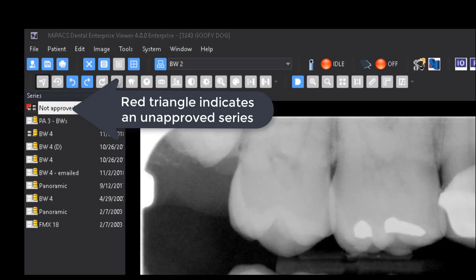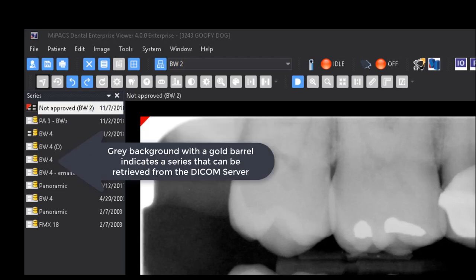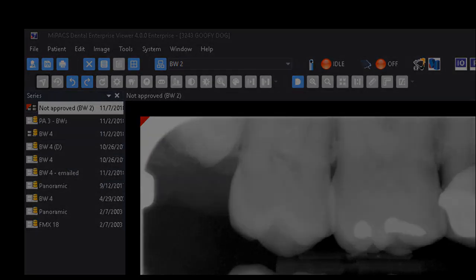A red dog ear indicates an unapproved series. A black background with a gold drum indicates an approved series that has been permanently stored to the DICOM server. A gray background with a gold drum indicates a series that can be retrieved from the DICOM server.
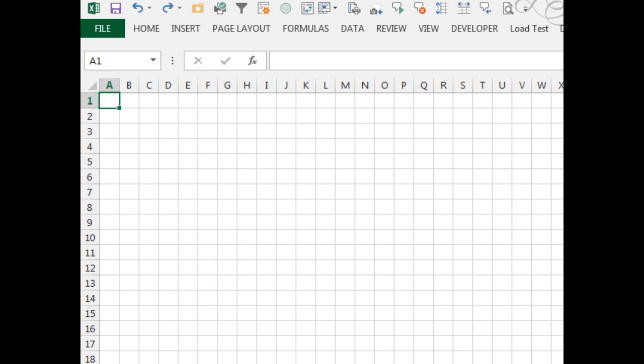Hey, welcome back to the MrExcel netcast, I'm Bill Jelen, today's question from Chris. Chris wants to generate a 26 by 26 grid of random letters, letters between A and Z.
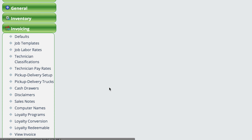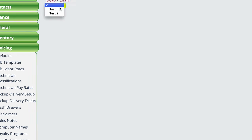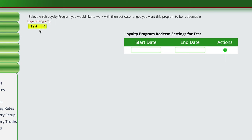However, one of the things that we do have the ability to do, and again we're in settings invoicing, and now we're in the loyalty redeemable, and we select the program that we want to look at, and we can define a start and end date for that loyalty program.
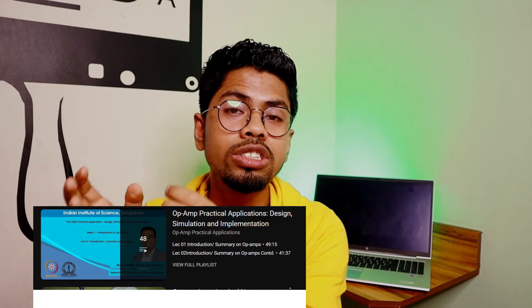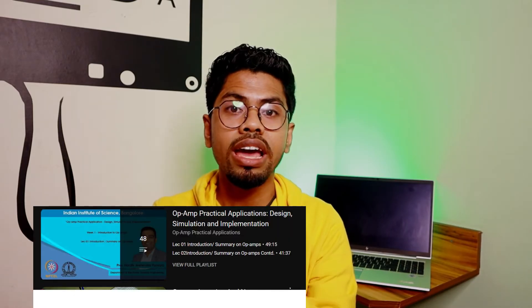To learn more about op-amp projects, you can look at the course by Hardik Pandeya from IIT Bangalore — I'll display the course name on screen. You can register for it or watch it for free on YouTube.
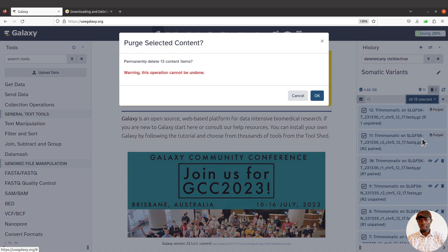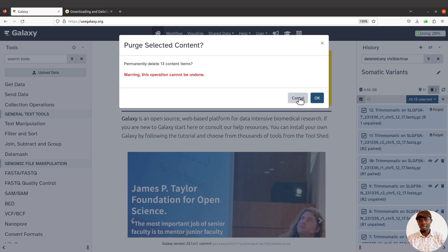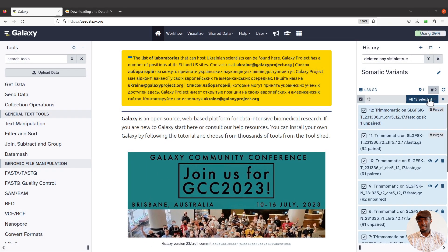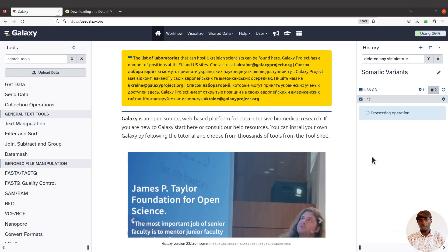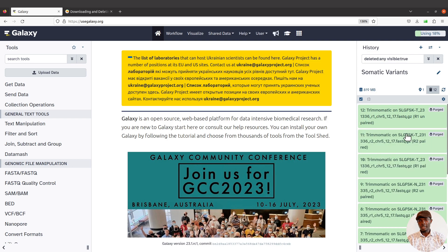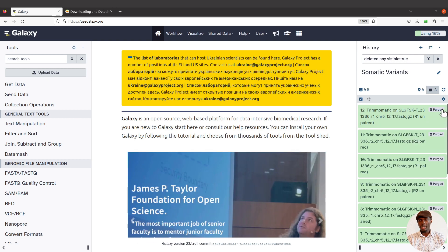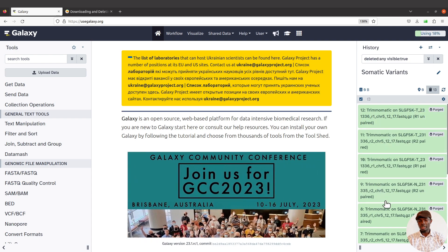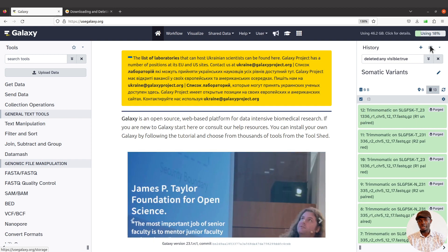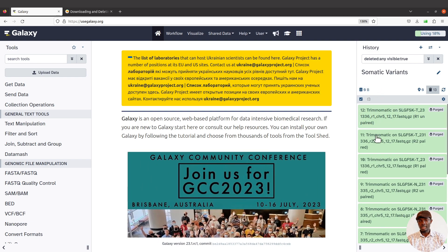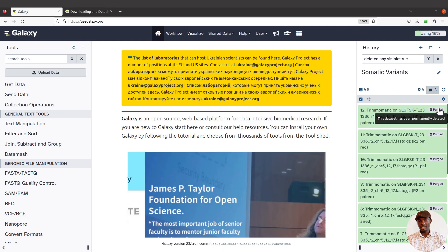When you come to 'Delete permanently' and click OK, the processing will be done and the files will be deleted. Once deleted, you'll find a label 'purged', which means they are gone and have been removed from disk. You'll notice the quota percentage drop — mine went from 20% down to 18% because the files were large. Now it shows zero bytes in this history, meaning everything is gone.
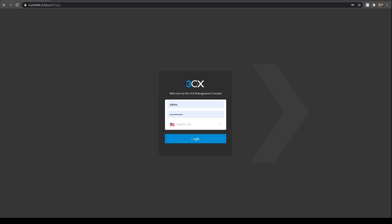You go right to where your instance is installed, which in my case is just myitrelief.ct.3cx.us. Once you get there, you just type in your username and password, login, and then you get great system status information.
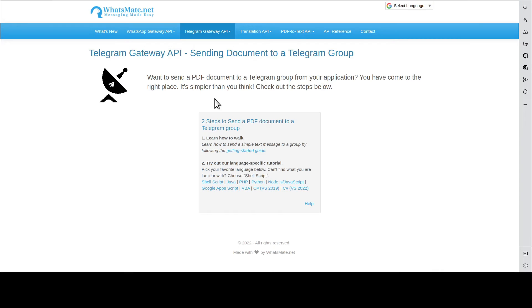Hey, how's it going? In this video, I'm going to show you how you can send a PDF document to a Telegram group from your application.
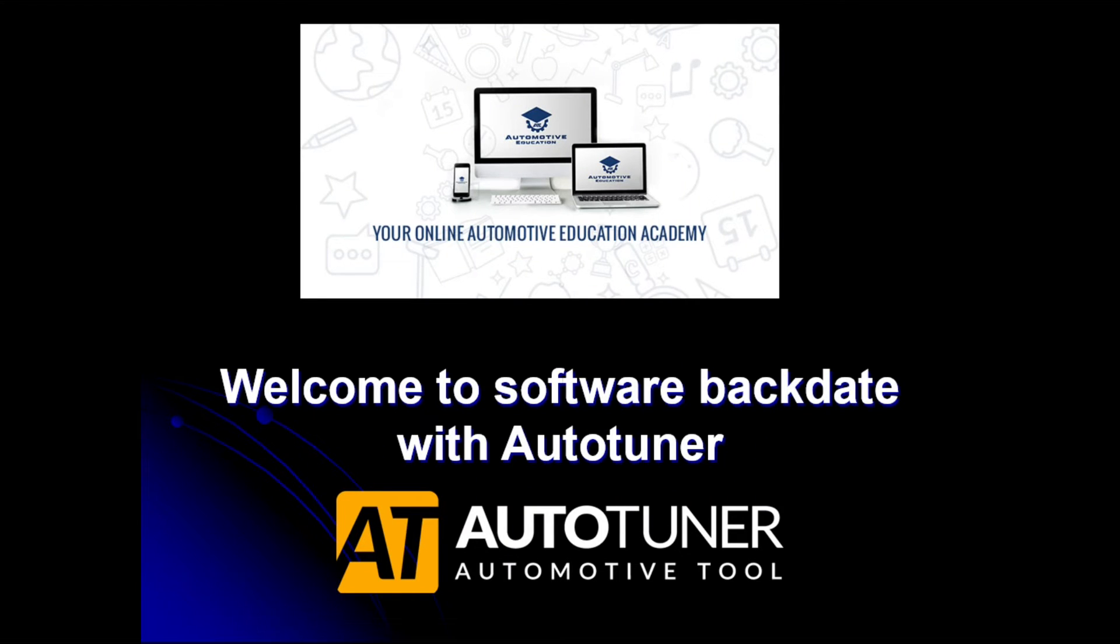So in this video, I'm going to show you how to use AutoTuner to do a software backdate or update on a Volkswagen Golf 2.0L TDI.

§ Exercise brief: Copy each entry exactly as written. Pictures do not belong in the copy.

§ Exercise output:
A red dog ear indicates an unapproved series. A black background with a gold drum indicates an approved series that has been permanently stored to the DICOM server. A gray background with a gold drum indicates a series that can be retrieved from the DICOM server.
Hey, welcome back to the MrExcel netcast, I'm Bill Jelen, today's question from Chris. Chris wants to generate a 26 by 26 grid of random letters, letters between A and Z.
However, one of the things that we do have the ability to do, and again we're in settings invoicing, and now we're in the loyalty redeemable, and we select the program that we want to look at, and we can define a start and end date for that loyalty program.
To learn more about op-amp projects, you can look at the course by Hardik Pandeya from IIT Bangalore — I'll display the course name on screen. You can register for it or watch it for free on YouTube.
When you come to 'Delete permanently' and click OK, the processing will be done and the files will be deleted. Once deleted, you'll find a label 'purged', which means they are gone and have been removed from disk. You'll notice the quota percentage drop — mine went from 20% down to 18% because the files were large. Now it shows zero bytes in this history, meaning everything is gone.
You go right to where your instance is installed, which in my case is just myitrelief.ct.3cx.us. Once you get there, you just type in your username and password, login, and then you get great system status information.
Hey, how's it going? In this video, I'm going to show you how you can send a PDF document to a Telegram group from your application.
So in this video, I'm going to show you how to use AutoTuner to do a software backdate or update on a Volkswagen Golf 2.0L TDI.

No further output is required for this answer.